Rezensentin Eva Behrendt annonciert ein leises Buch mit Ulla Lenzes neuem Roman über einen deutschen Amateurfunker, der 1939 vom Rheinland nach New York emigriert und dort unwissend von der Wehrmachtabteilung Ausland/Abwehr rekrutiert wird. Die Kritikerin folgt Lenzes Held Joseph von New York über Costa Rica bis ins Nachkriegs-Neuss, liest aber keinen Thriller, sondern einen eindringlichen Roman über Schuld, Moralund Anspannung. Wie die Autorin das Ringen Josephs mit sich selbst skizziert, in "knappen" Sätzen, findet die Rezensentin beeindruckend.

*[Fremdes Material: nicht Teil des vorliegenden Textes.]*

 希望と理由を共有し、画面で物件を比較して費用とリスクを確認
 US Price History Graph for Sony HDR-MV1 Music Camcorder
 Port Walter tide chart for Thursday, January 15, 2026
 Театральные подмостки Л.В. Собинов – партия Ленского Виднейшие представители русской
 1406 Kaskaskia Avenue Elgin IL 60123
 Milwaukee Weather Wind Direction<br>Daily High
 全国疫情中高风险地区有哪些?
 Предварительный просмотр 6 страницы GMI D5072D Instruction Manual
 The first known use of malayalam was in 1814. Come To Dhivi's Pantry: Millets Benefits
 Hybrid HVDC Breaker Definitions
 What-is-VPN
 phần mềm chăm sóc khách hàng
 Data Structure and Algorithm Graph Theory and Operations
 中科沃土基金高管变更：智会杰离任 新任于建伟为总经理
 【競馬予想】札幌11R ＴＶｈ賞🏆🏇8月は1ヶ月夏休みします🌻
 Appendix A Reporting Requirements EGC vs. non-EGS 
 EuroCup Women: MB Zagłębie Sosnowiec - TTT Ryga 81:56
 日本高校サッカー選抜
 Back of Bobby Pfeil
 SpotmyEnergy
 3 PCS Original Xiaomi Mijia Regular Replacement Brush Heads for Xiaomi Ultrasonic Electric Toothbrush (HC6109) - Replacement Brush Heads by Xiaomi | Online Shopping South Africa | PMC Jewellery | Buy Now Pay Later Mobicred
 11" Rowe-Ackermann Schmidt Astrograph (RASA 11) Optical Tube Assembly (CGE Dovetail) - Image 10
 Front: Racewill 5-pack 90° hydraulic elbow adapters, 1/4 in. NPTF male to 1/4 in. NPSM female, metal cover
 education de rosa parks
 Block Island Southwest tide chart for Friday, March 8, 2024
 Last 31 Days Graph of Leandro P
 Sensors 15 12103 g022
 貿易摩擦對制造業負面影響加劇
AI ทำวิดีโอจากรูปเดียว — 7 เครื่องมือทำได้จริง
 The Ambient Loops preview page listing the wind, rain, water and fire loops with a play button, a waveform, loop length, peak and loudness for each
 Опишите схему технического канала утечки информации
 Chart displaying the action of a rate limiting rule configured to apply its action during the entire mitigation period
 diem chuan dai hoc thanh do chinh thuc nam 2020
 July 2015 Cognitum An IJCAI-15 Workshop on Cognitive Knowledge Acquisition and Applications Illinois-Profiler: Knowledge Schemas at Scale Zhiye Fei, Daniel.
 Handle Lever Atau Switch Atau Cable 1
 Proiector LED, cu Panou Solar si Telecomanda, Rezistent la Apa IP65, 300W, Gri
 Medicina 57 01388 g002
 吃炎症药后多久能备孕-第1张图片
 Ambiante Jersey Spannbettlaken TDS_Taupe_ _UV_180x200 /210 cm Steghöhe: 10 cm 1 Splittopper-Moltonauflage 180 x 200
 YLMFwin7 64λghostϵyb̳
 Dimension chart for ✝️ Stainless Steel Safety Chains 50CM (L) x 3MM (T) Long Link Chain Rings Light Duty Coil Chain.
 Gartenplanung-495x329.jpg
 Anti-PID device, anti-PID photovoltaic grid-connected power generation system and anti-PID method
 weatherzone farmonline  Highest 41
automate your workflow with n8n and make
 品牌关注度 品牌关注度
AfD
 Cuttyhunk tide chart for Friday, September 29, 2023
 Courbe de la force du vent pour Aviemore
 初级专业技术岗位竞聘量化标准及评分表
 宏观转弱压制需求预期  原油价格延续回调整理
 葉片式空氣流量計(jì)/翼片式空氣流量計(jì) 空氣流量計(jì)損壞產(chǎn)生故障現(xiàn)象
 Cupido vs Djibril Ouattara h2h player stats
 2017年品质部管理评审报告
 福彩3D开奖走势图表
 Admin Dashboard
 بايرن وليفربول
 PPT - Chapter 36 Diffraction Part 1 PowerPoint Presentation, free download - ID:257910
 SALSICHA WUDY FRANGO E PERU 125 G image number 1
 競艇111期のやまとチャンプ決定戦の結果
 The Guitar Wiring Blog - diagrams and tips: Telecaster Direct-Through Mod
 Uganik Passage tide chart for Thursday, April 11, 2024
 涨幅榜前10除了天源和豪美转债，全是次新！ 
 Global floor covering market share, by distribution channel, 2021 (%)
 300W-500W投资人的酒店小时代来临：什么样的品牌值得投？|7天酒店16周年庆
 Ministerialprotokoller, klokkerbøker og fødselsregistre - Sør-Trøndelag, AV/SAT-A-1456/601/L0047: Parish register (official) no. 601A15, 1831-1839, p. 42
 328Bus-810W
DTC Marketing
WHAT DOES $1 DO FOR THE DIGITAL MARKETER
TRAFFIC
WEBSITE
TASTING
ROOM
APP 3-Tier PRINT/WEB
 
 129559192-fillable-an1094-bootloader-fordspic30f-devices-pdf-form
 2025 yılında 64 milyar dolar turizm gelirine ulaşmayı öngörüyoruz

Rezensionsnotiz zu Frankfurter Rundschau, 03.03.2020

Martin Oehlen sieht in Ulla Lenzes neuem Roman einen Text zur rechten Zeit. Die Geschichte eines Nazi-Mitläufers aus Gleichgültigkeit erzählt Lenze laut Oehlen betont nüchtern, aber so, dass das Verstörende des Lebenslaufes eines Nazi-Spions in den USA rüberkommt. Dass als Vorbild für ihren Protagonsisten der eigene Großonkel dient, ändert für Oehlen nichts an seiner Hochachtung vor dem Text als gelungene, durch Zeiten und Orte springende Fiktion über einen Agenten ohne Überzeugung und Reue.

Rezensionsnotiz zu Deutschlandfunk Kultur, 22.02.2020

Mit gemischten Gefühlen hat Rezensent Carsten Hueck Ulla Lenzes Roman "Der Empfänger" gelesen, der ihm ein Stück bisher größtenteils unerforschter deutscher Geschichte näher bringt. Anhand von Briefen und der Biografie ihres Großonkels erzählt ihm die Autorin die Geschichte des deutschen Funkers Josef, der in die USA auswandert, bei einer Firma anheuert, die angeblich Zahlencodes nach Deutschland funkt, tatsächlich aber der deutsche Auslandsgeheimdienst ist. In "Schlaglichtern" und gespickt mit "historischen Details" beleuchtet Lenze nicht nur das New York des Jahres 1939, sondern auch die deutsche Nachkriegszeit und das Südamerika der frühen Fünfziger, lobt Hueck. Die Hauptfigur gerät der Autorin aber leider wenig plastisch, wendet der Kritiker ein.